++++ Given records

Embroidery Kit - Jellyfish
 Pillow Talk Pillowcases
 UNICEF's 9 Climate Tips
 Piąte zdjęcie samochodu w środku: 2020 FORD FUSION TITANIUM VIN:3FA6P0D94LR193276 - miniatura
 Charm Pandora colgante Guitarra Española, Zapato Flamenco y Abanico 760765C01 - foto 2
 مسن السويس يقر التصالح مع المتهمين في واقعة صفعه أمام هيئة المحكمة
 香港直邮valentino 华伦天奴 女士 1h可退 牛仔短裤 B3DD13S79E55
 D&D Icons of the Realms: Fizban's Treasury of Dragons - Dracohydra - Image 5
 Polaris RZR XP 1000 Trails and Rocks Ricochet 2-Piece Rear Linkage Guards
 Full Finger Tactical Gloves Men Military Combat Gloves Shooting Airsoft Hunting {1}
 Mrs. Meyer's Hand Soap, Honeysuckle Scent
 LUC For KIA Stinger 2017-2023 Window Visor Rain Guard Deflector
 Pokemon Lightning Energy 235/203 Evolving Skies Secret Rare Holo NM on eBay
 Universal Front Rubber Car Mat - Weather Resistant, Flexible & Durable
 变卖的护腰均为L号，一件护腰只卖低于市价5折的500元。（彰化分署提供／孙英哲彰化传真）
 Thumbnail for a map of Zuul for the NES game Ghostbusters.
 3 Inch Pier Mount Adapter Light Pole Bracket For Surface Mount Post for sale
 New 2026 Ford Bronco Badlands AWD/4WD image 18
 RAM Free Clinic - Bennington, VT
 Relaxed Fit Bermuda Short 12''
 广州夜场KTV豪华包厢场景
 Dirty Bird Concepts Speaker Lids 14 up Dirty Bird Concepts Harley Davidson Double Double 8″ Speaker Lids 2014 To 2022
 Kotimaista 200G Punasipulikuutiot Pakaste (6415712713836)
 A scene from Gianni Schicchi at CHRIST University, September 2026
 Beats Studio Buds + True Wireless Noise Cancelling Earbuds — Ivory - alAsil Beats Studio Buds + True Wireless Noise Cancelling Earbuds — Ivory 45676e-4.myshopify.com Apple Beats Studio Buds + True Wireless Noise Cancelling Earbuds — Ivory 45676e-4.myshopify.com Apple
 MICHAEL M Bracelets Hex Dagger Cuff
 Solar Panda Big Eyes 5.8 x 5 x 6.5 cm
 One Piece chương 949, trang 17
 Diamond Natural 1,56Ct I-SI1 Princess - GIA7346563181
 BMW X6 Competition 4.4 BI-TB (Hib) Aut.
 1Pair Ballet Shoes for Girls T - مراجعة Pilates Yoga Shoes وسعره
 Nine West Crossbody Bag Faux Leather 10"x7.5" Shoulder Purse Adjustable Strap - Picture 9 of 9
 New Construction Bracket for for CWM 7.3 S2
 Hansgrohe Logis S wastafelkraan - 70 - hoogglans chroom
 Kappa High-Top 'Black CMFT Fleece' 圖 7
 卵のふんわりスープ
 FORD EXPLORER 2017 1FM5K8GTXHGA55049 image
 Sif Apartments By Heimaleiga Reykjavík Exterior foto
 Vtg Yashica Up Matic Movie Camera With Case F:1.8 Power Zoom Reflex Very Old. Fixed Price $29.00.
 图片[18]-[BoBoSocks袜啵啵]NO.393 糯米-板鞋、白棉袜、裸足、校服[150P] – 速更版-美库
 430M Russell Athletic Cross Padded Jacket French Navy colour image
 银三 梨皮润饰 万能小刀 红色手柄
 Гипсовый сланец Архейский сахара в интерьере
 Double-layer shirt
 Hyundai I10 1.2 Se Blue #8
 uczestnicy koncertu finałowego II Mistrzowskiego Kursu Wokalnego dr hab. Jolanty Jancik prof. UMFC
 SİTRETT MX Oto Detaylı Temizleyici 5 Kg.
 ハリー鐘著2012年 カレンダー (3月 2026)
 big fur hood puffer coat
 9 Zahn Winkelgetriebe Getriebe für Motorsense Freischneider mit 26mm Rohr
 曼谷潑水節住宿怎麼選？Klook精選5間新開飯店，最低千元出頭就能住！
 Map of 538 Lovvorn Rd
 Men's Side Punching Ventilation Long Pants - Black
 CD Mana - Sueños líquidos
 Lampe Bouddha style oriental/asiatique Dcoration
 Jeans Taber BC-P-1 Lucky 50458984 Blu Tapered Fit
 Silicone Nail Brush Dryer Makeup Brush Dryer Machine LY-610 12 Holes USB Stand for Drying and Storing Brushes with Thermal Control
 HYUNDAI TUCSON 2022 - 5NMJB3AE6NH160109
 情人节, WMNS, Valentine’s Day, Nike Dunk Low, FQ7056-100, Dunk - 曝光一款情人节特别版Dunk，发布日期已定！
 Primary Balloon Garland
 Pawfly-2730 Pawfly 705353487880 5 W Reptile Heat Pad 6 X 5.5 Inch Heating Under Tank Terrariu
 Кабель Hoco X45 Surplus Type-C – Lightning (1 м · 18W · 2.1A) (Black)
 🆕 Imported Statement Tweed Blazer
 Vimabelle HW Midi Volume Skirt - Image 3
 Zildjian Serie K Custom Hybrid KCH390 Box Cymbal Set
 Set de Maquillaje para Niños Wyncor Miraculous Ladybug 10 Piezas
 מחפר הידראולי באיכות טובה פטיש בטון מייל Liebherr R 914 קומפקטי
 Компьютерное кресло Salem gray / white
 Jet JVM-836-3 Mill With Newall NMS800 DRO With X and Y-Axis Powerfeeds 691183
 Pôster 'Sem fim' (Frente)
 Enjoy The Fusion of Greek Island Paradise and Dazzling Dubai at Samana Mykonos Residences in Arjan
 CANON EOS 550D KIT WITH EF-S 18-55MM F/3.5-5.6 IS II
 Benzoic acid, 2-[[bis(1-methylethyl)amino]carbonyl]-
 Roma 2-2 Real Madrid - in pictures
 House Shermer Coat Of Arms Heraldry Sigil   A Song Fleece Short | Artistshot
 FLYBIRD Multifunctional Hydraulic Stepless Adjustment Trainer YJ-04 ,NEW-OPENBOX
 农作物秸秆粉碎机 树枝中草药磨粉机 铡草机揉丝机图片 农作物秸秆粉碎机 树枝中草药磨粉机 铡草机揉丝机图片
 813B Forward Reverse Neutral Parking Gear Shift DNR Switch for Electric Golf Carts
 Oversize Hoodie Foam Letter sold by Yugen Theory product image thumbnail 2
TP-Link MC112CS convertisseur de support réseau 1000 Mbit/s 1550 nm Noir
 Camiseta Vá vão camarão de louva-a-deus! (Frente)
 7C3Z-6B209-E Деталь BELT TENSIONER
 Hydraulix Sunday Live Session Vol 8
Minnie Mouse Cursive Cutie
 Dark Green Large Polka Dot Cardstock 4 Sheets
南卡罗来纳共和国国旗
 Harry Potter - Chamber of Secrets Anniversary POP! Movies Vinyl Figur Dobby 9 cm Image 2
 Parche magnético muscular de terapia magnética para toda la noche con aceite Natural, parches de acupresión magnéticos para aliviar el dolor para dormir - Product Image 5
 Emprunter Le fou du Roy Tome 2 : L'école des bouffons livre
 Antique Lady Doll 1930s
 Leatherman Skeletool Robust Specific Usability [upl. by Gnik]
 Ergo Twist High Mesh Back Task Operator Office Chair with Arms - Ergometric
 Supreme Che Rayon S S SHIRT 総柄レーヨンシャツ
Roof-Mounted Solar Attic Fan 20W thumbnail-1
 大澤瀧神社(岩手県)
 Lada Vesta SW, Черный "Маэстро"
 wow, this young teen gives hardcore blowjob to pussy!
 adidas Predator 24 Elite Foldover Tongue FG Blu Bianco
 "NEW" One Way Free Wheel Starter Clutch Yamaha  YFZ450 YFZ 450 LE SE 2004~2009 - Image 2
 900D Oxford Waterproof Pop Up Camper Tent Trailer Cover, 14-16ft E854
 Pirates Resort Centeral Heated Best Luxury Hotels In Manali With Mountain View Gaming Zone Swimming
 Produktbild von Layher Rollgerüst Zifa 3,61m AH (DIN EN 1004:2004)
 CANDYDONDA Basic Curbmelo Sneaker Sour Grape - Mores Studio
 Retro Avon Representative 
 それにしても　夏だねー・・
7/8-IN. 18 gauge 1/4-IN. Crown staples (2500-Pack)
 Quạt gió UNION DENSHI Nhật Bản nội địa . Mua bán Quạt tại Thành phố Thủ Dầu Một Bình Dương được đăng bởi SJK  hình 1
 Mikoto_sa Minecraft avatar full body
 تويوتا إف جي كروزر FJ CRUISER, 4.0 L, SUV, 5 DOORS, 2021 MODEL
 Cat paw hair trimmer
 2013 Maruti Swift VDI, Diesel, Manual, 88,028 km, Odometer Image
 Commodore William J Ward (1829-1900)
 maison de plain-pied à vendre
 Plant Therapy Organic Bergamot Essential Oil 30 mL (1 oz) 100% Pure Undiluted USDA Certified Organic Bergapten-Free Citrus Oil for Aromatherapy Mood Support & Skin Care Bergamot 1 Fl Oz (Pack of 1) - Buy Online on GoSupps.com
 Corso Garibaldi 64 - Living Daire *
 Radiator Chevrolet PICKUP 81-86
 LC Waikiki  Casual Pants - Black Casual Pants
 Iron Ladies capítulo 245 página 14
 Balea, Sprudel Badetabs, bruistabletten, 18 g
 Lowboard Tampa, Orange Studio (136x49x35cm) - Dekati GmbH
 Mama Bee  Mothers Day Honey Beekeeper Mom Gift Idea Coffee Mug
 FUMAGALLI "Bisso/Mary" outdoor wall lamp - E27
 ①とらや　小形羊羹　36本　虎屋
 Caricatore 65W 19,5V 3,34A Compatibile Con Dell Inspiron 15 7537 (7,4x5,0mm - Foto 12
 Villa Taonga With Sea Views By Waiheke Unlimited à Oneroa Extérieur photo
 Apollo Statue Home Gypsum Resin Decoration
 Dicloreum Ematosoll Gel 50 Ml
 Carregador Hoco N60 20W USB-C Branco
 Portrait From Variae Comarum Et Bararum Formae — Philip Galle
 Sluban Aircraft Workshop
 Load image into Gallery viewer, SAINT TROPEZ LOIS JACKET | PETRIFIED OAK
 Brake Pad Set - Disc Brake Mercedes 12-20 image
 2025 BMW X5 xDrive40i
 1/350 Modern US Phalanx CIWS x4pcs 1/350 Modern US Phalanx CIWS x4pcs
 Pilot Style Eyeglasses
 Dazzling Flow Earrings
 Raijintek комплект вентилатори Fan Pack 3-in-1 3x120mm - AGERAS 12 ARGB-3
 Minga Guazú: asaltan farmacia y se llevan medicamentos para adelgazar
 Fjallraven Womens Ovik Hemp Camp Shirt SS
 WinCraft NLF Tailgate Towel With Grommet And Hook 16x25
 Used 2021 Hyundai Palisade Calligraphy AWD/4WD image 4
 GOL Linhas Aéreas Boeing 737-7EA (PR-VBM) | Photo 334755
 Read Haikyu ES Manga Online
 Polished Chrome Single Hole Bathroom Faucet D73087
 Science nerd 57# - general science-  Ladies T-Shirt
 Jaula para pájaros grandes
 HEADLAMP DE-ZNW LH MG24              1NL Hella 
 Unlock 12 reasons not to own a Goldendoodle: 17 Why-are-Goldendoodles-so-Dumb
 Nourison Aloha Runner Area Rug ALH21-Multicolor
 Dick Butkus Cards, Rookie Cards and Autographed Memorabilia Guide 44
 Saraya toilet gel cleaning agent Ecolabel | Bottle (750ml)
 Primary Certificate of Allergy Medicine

++++++++

What this task involves:
Only one stretch of the records above is wanted: the lines between the one holding "银三 梨皮润饰 万能小刀 红色手柄" and the one holding "big fur hood puffer coat", inclusive, reproduced exactly.

Expected output:
 银三 梨皮润饰 万能小刀 红色手柄
 Гипсовый сланец Архейский сахара в интерьере
 Double-layer shirt
 Hyundai I10 1.2 Se Blue #8
 uczestnicy koncertu finałowego II Mistrzowskiego Kursu Wokalnego dr hab. Jolanty Jancik prof. UMFC
 SİTRETT MX Oto Detaylı Temizleyici 5 Kg.
 ハリー鐘著2012年 カレンダー (3月 2026)
 big fur hood puffer coat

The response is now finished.